# 12" Commercial Reduction Gearing



## mattygee (Feb 26, 2017)

Has anyone had any luck with a gearing setup on their 12" commercial to achieve a slowest feed rate of .0021?
I was able to do a double reduction gear on my 10F no sweat, but it seems like the banjo on the commercial is a little different and no matter what gear combos I try nothing will fit.   I'm curious if anyone has tried the same thing.


----------



## wa5cab (Feb 26, 2017)

Is your Commercial equipped with a QCGB or is it Change Gear?


----------



## mattygee (Feb 26, 2017)

Underdrive with QC box.


----------



## wa5cab (Feb 26, 2017)

OK.  The same quadrant or banjo was used on all three versions of the 12" QCGB made from 1950 through 1981.  So nothing changed there.  However, the angle or distance between the AB slot and the C and D slots on the QC banjo is a little less than it is on the L3-58M banjo used on the Change Gear models from 1938 through mid 1962.  Unfortunately, I don't have but two extra gears, or three if you count one of the two 48T gears normally on the quadrant.  And none are small enough to be half the size of any of the others.  So I can't experiment.  But the sliding gear obviously needs to remain in the OUT position.  It needs to drive the large gear of a 2:1 Idler.  And the gear driving the gearbox must be an Idler, either driven by the small gear of the compound set, or by another idler driven by the small gear.


----------



## mattygee (Feb 27, 2017)

Yeah, I know what you're saying; I've tried any number of gear combinations to no avail.  What I need to do is see if a 24/96 compound gear driven by the tumbler gear will fit.  I think the larger tumbler gears of the commercial lathe must restrict the room just enough to prevent doing a double reduction gear setup.


----------



## wa5cab (Feb 27, 2017)

OK.  You may be right.  But if I'm reading it right,  look at Table II in a Version 8 MOLO at either 69 or 70 TPI, but with the levers in positions E 9.  If you change the 46T gear on the line for 69 TPI to a 48 and the 48 to a 52, wouldn't that do it?




END


----------



## mattygee (Feb 27, 2017)

I did just find a YT video   



  where the gentleman uses a 64/32 compound gear with a 54 tooth idler.
I have the 64/32 combo which I'll try with a 56 tooth idler since that's what I have on hand.


----------



## roadie33 (Feb 27, 2017)

You only need to purchase one gear to make it work.
Find a 24 tooth gear.
Use the outside 48 tooth gear that runs the QCGB, with the 24 on the inside in compound configuration to run the other 48 tooth gear and you cut the feed in half.


----------



## mattygee (Feb 27, 2017)

Well, I tried the 64/32 compound gear; which to me, as long as the ratio is 2:1, it  shouldn't make any difference as to the tooth count.. Anyway, same deal.  Still getting .0042 per rev on the carriage.  I don't know why this thing is defying me, but I'm stumped.


----------



## roadie33 (Feb 27, 2017)

You set them up as the 32 towards the lathe and 64 to outside, right?
The 64 should contact the outside 48 tooth that runs the QCGB.


----------



## wa5cab (Feb 28, 2017)

Right.  It would seem likely that you are driving from the 32T tumbler gear instead of the 16T.  When you do that, your first 2:1 reduction ratio is lost.  So instead of a 4:1 reduction, you still have only 2:1 over all.


----------



## mattygee (Feb 28, 2017)

Definitely driving off 16 tooth gear of tumbler.  Setup up exactly like the YT video I posted.
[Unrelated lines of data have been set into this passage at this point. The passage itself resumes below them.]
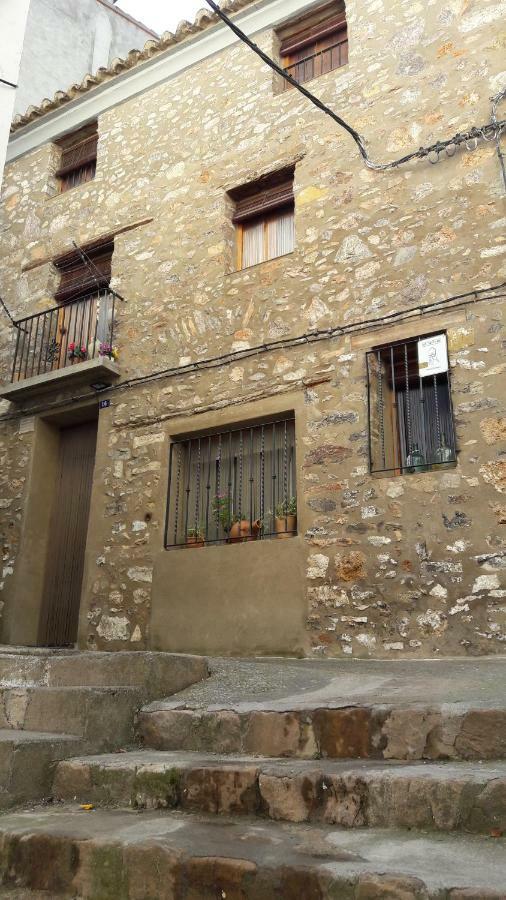 Lucena del CidCasa Elina Lucena别墅 外观 照片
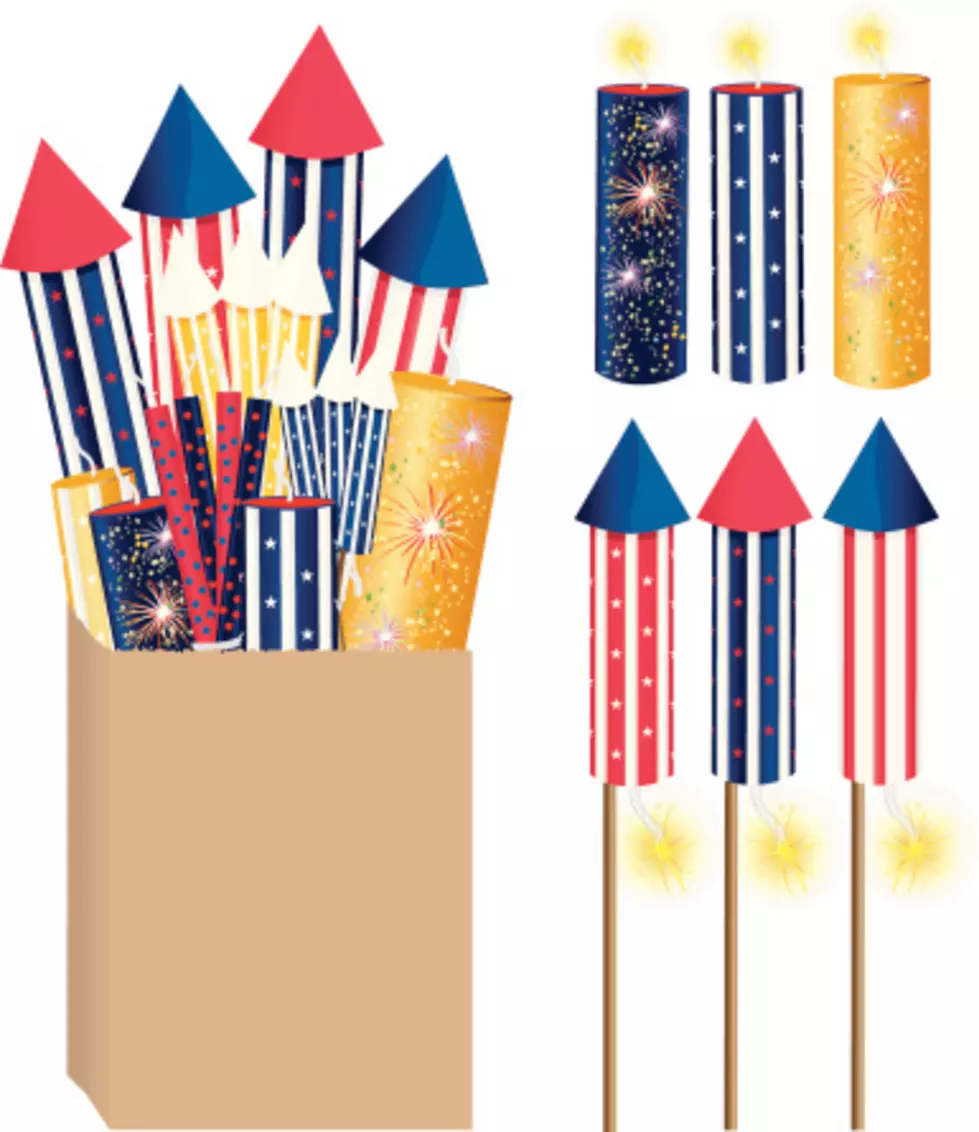 Fireworks Still Illegal in the City of Dubuque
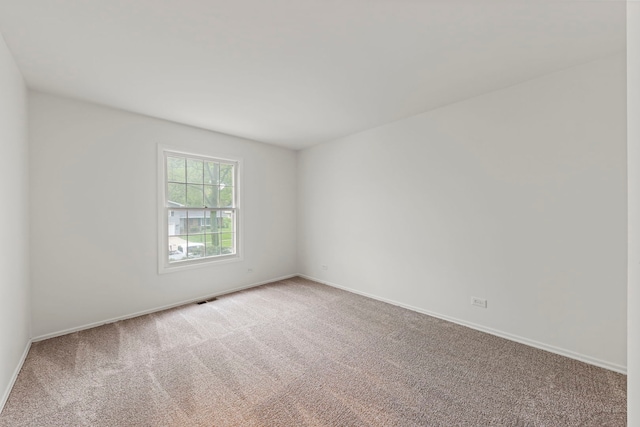 2S644 Devonshire Ln, Glen Ellyn, IL 60137 - unfurnished room featuring carpet floors and baseboards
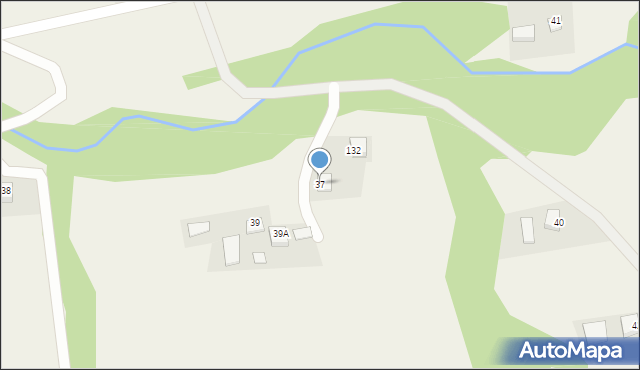 Jelna, Jelna, 37, mapa Jelna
Like I said, I'm stumped!


----------



## roadie33 (Feb 28, 2017)

Yes, the 32 tooth gear, closest to banjo, should be the one driving the 16 tooth, the 64 tooth should be driving the outside gear that runs the QCGB.
Make sure QCGB is in E and  9

Watch this video and you'll understand better.


----------



## wa5cab (Feb 28, 2017)

Well, I don't know what to tell you.  Both videos show doing essentially the same thing, just with different tooth count gears.  If you have just the basic QC lathe and no extra gears, the second version is the most economical, requiring only a new 24 tooth gear.  However, the second guy did fail to mention one other part that you will have to have.  This is what the threading charts call a Steel Spacer.  It replaces the 48T that was removed from the front right position where it and the one in the back right position drove the long gear in the gearbox.  I am trying to determine the part number of that spacer.  In place of the 40T sliding gear, you put first the 24T in the back position and then the relocated 48T in front.
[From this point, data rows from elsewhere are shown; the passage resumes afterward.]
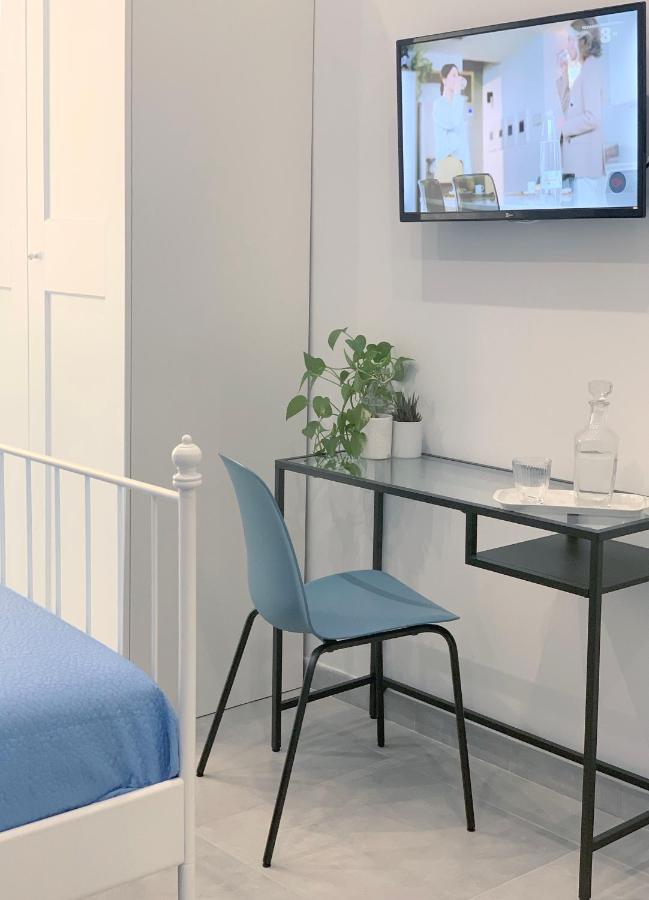 נאפולי Nea Apartments מראה חיצוני תמונה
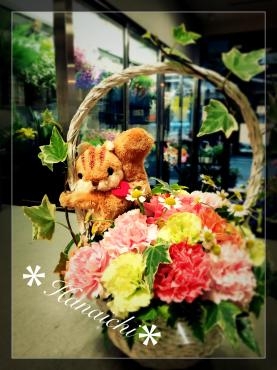 母の日・・・母の日・・・｜「花市」　（滋賀県大津市の花キューピット加盟店 花屋）のブログ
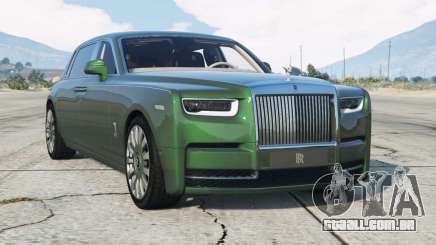 Rolls-Royce Phantom EWB Oribe 2021〡add-on para GTA 5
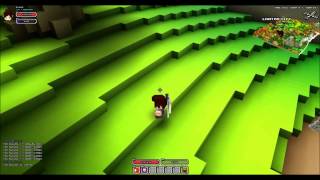 Exploring Cube World E01 - Voxely Goodness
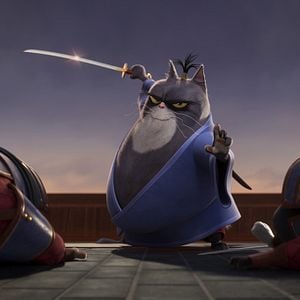 Foto El Perro Samurai: La leyenda de Kakamucho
The tumbler gear (stud gear on a 10" change gear lathe) is a 32T/16T compound gear.  The 32T part is driven by either the forward or reverse gear on the tumbler.  The 16T part drives the relocated 48T gear.  That is your first (normal) 2:1 reduction.  The relocated 48T drives the new 24T through the 9-70A bushing that they are both mounted on.  The new 24T drives the remaining original 48T in the Back position.(its original position).  That is your second 2:1 reduction.  Finally, the original rear 48T drives the gearbox as it always has.  That looks like it worked.  I am going to order a 24T gear this afternoon, and if we can determine the part number, a spacer.  When they arrive, I'll try it.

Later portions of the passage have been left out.